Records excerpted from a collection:

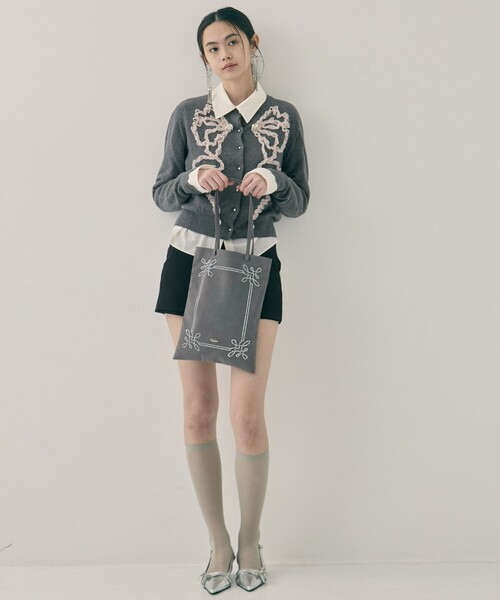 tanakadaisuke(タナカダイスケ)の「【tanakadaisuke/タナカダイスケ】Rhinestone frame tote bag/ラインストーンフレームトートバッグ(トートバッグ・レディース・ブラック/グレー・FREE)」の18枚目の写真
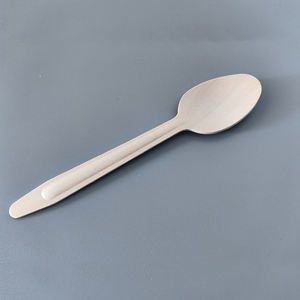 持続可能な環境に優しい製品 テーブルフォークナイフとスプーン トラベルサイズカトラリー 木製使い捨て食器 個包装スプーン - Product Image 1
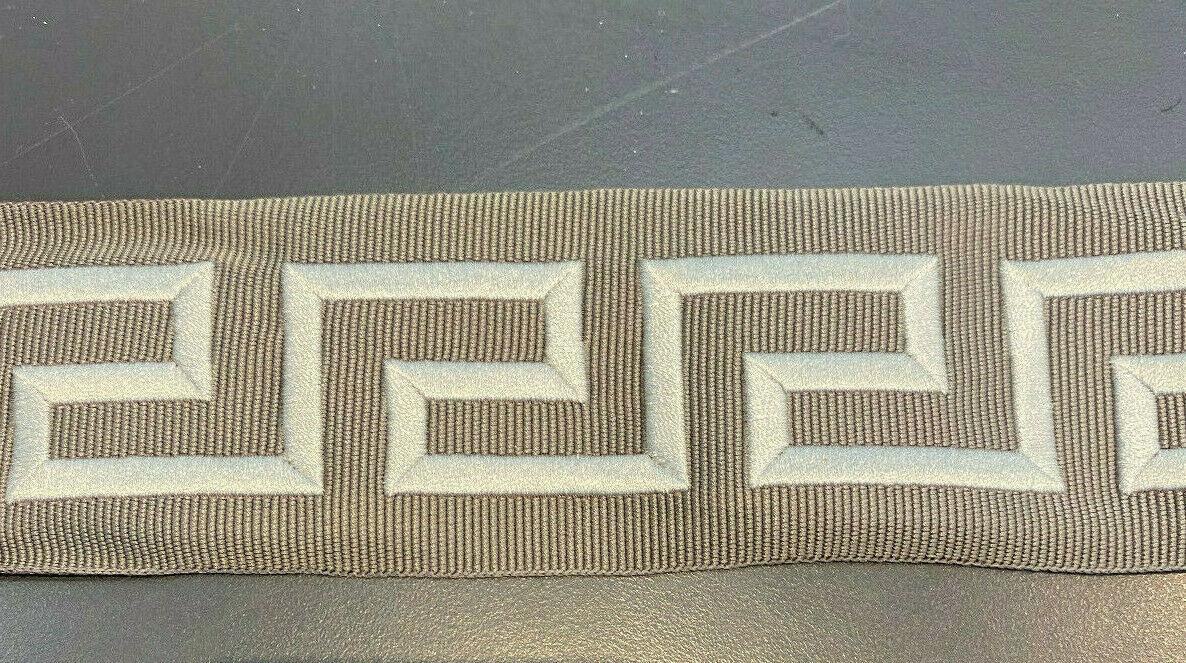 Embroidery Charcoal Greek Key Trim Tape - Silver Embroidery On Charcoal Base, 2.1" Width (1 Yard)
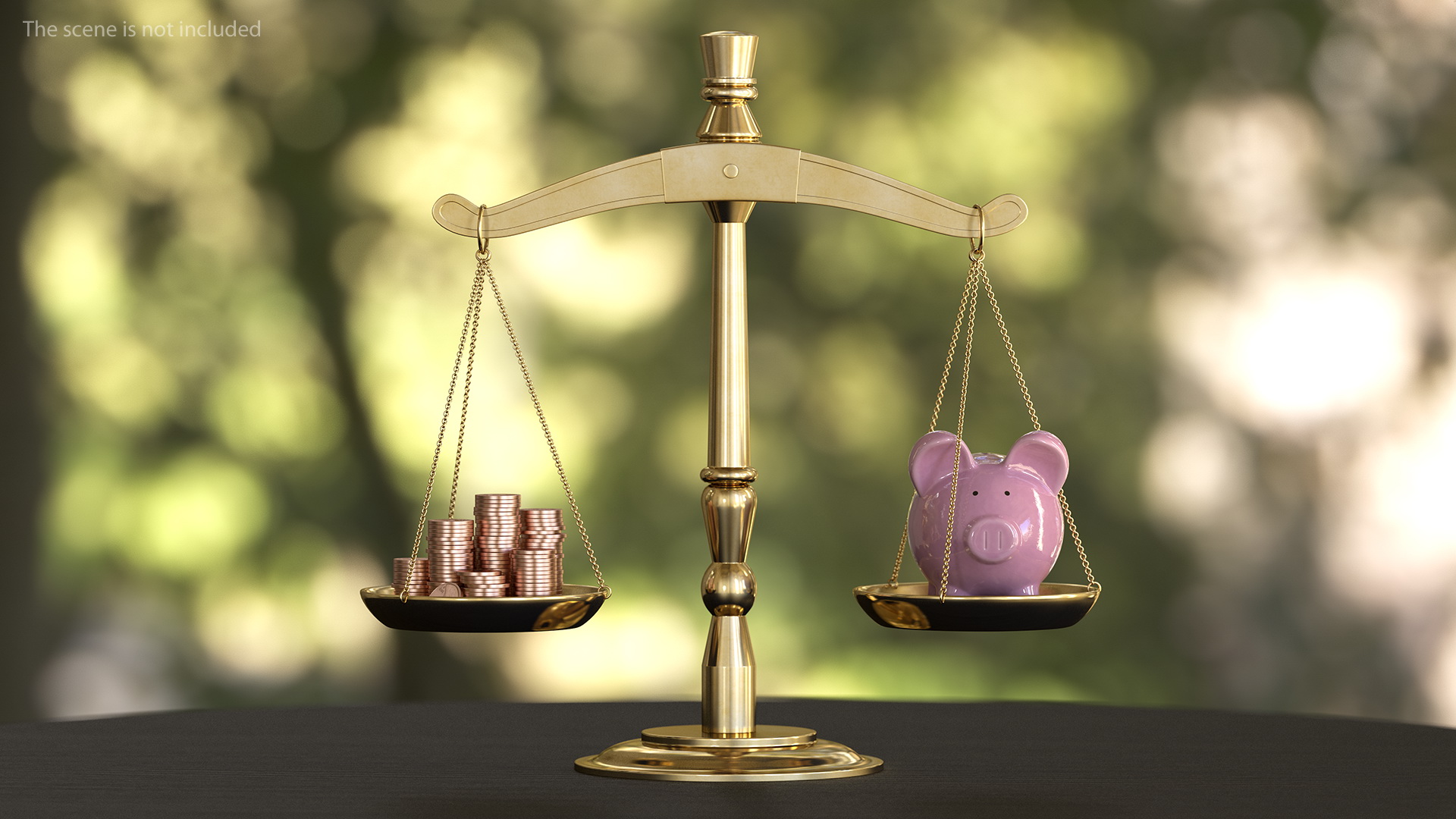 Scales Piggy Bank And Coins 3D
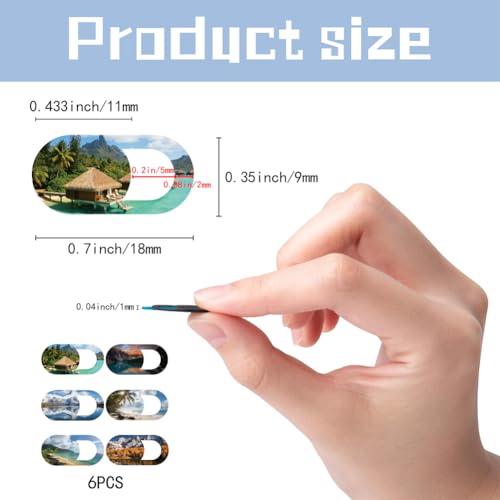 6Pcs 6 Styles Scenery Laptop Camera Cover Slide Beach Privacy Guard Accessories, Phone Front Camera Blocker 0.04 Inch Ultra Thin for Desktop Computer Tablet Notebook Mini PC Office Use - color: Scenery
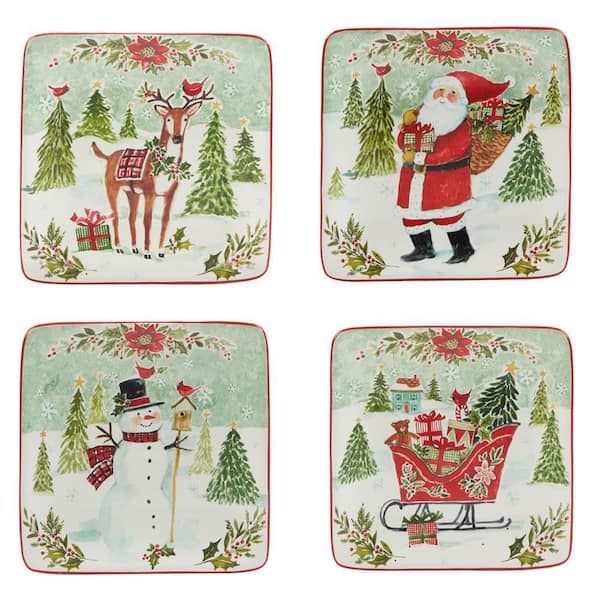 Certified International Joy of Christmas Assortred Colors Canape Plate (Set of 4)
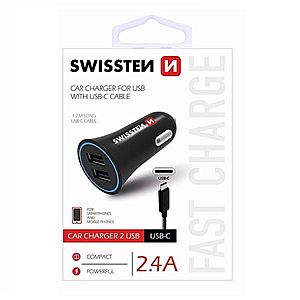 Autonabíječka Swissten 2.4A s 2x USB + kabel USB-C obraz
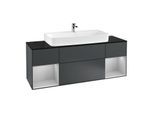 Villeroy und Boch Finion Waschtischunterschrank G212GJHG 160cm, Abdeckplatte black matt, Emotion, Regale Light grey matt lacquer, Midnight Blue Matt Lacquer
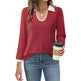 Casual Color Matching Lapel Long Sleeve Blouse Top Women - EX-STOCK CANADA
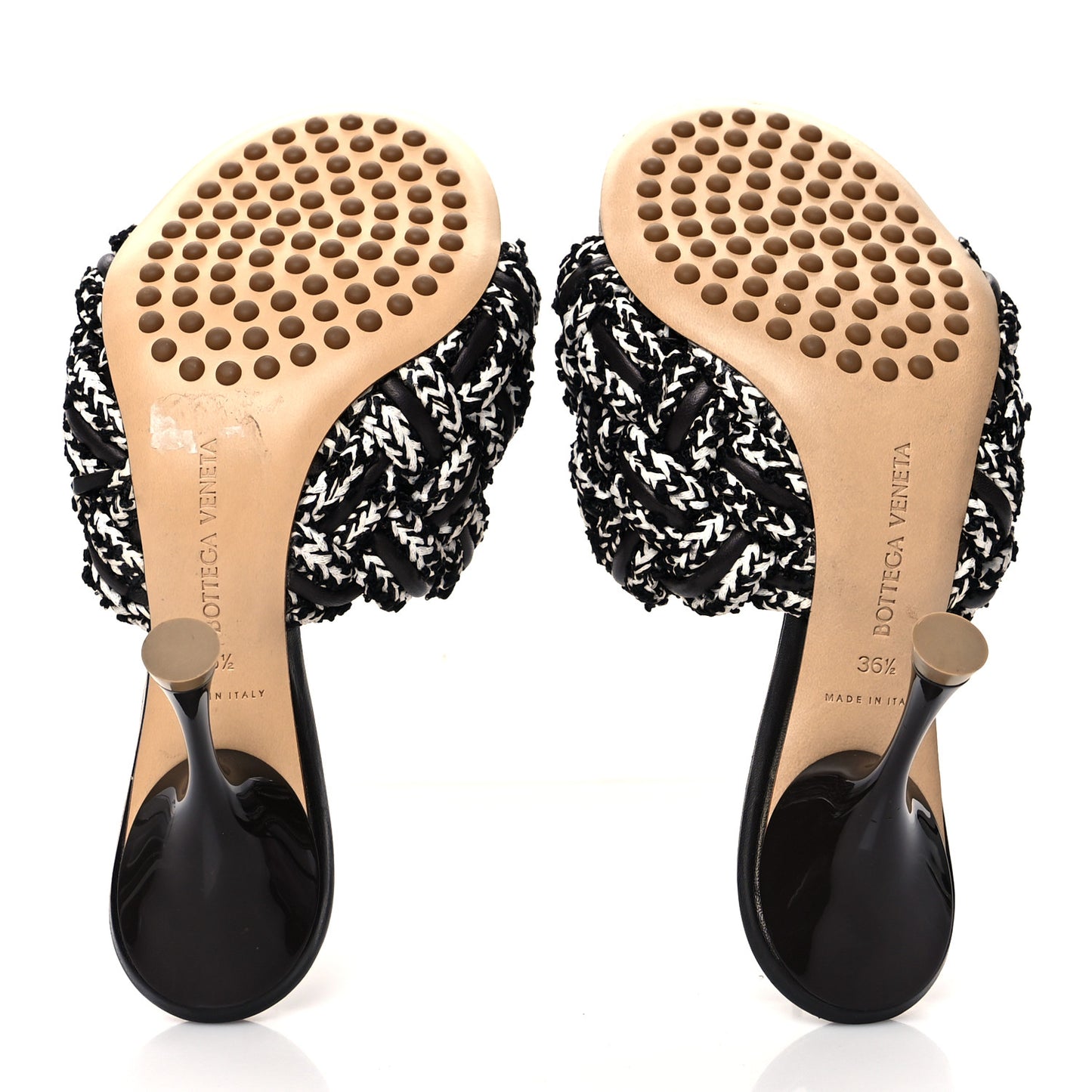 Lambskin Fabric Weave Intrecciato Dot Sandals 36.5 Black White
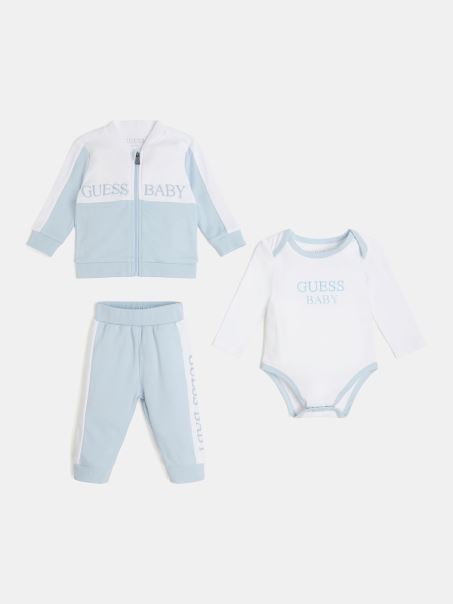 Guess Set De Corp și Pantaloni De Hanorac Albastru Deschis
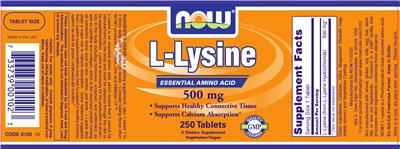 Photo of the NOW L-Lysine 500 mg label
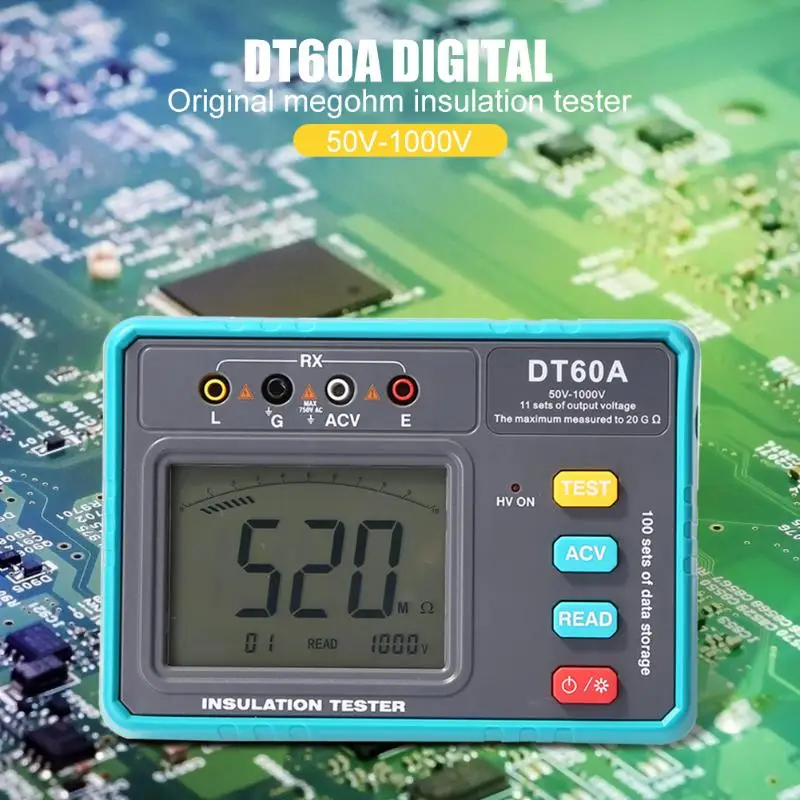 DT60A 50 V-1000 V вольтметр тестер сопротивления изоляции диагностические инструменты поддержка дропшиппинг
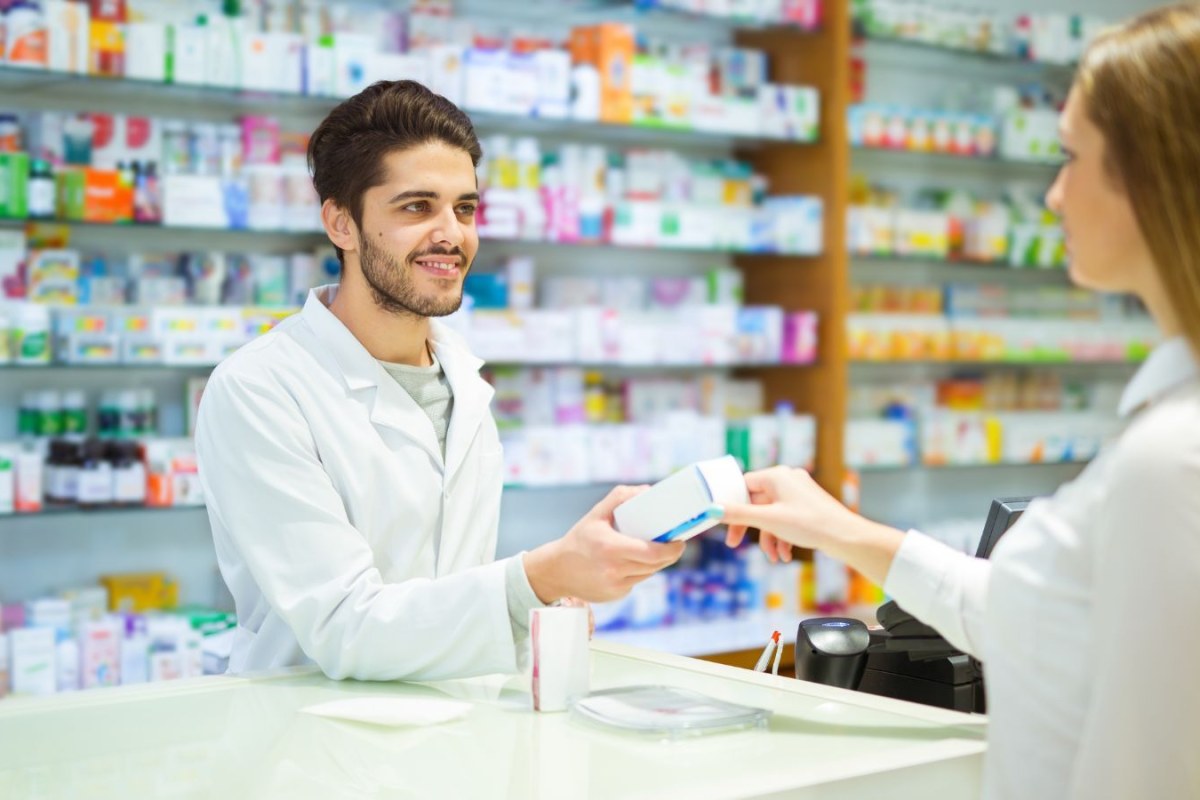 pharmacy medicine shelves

Activity. Only the lines from the one containing "Casual Color Matching" through the last line of the entries above, both included, belong in the answer, written out exactly; pictures do not.

Output for this task.
 Casual Color Matching Lapel Long Sleeve Blouse Top Women - EX-STOCK CANADA
 Lambskin Fabric Weave Intrecciato Dot Sandals 36.5 Black White
 Guess Set De Corp și Pantaloni De Hanorac Albastru Deschis
 Photo of the NOW L-Lysine 500 mg label
 DT60A 50 V-1000 V вольтметр тестер сопротивления изоляции диагностические инструменты поддержка дропшиппинг
 pharmacy medicine shelves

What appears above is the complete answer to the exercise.